TASK DETAILS —
Below are the records; extract from them the line containing "Tomix 98763 Tokyo" to the line containing "Фото для Расписание", both lines included, exactly and with no pictures.

+++ DATASET

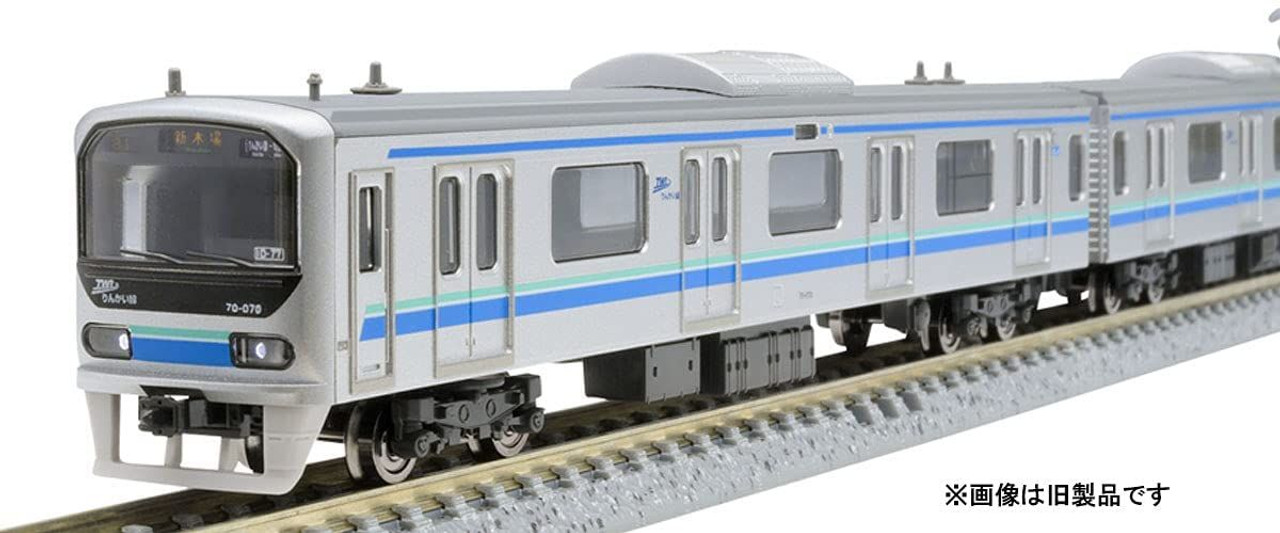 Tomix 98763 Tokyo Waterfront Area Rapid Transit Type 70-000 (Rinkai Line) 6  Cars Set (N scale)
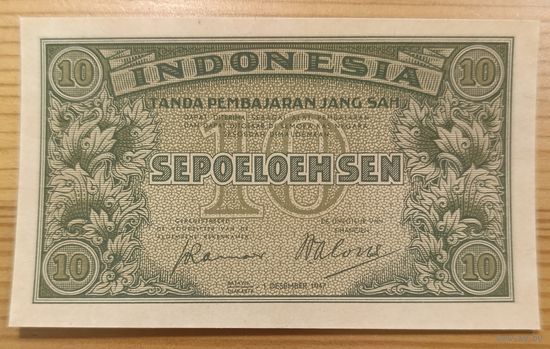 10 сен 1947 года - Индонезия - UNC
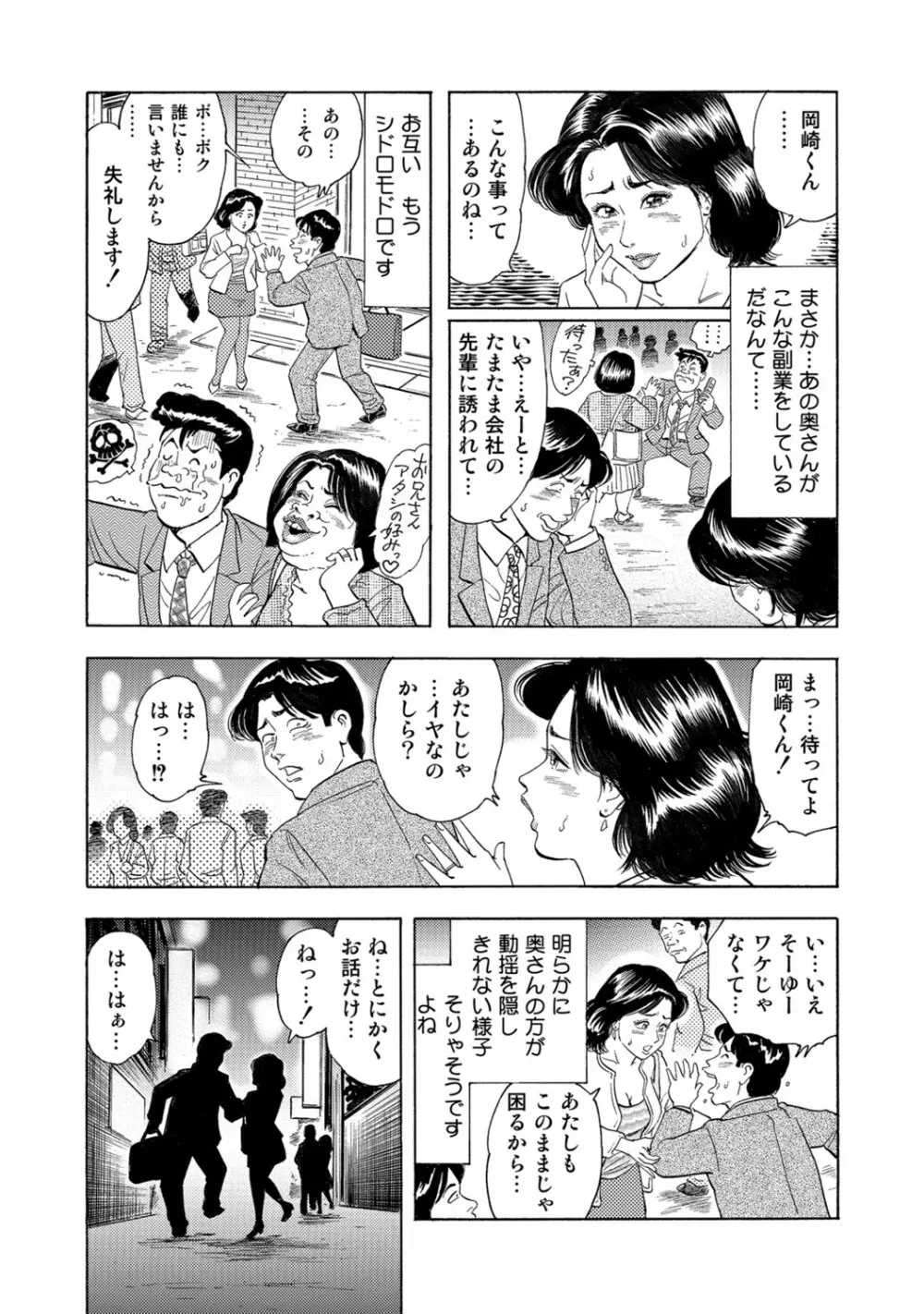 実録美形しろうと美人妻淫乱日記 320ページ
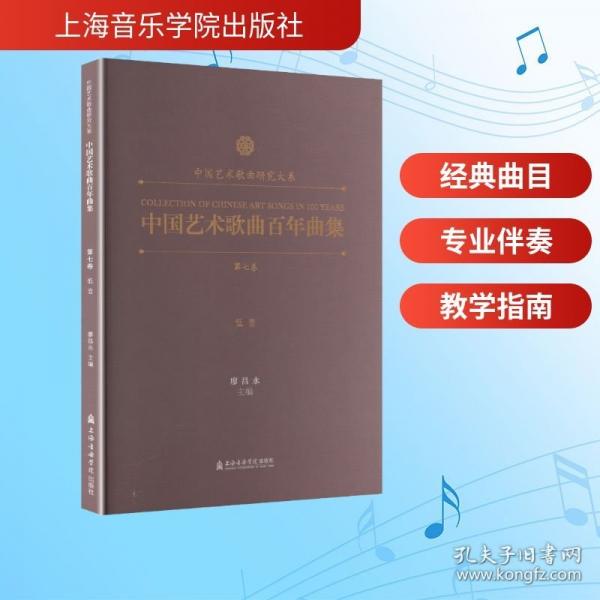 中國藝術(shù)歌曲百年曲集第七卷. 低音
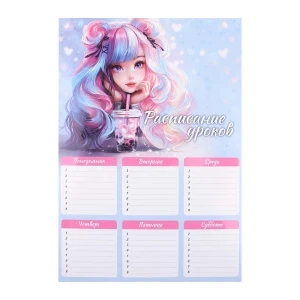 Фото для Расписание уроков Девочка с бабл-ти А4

++++++
+++ DATASET

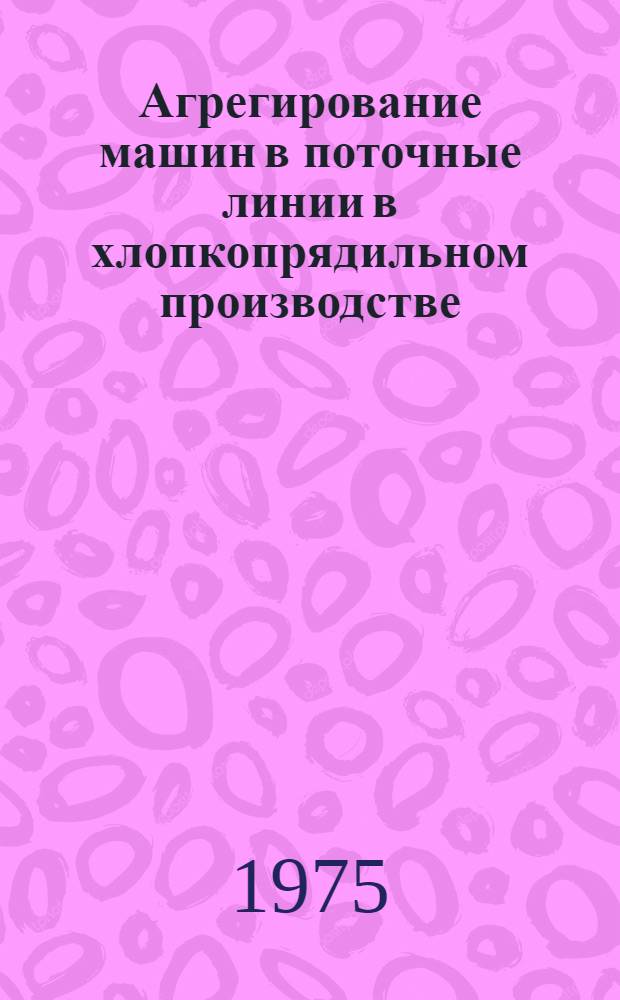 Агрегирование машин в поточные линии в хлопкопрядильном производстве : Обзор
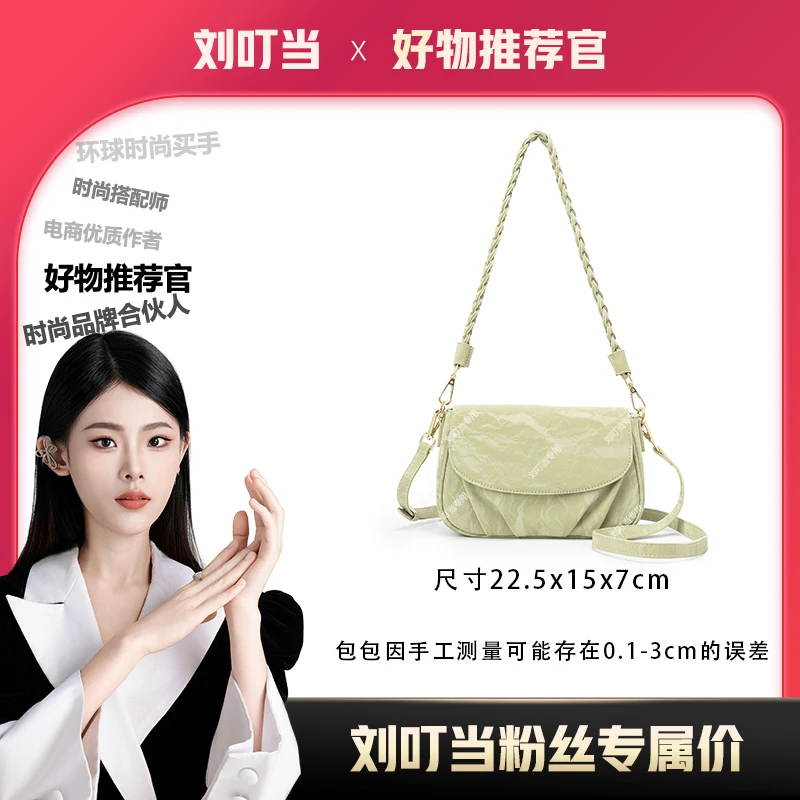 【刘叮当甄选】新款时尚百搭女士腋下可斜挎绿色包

++++++

ANSWER AREA —
 Tomix 98763 Tokyo Waterfront Area Rapid Transit Type 70-000 (Rinkai Line) 6  Cars Set (N scale)
 10 сен 1947 года - Индонезия - UNC
 実録美形しろうと美人妻淫乱日記 320ページ
 中國藝術(shù)歌曲百年曲集第七卷. 低音
 Фото для Расписание уроков Девочка с бабл-ти А4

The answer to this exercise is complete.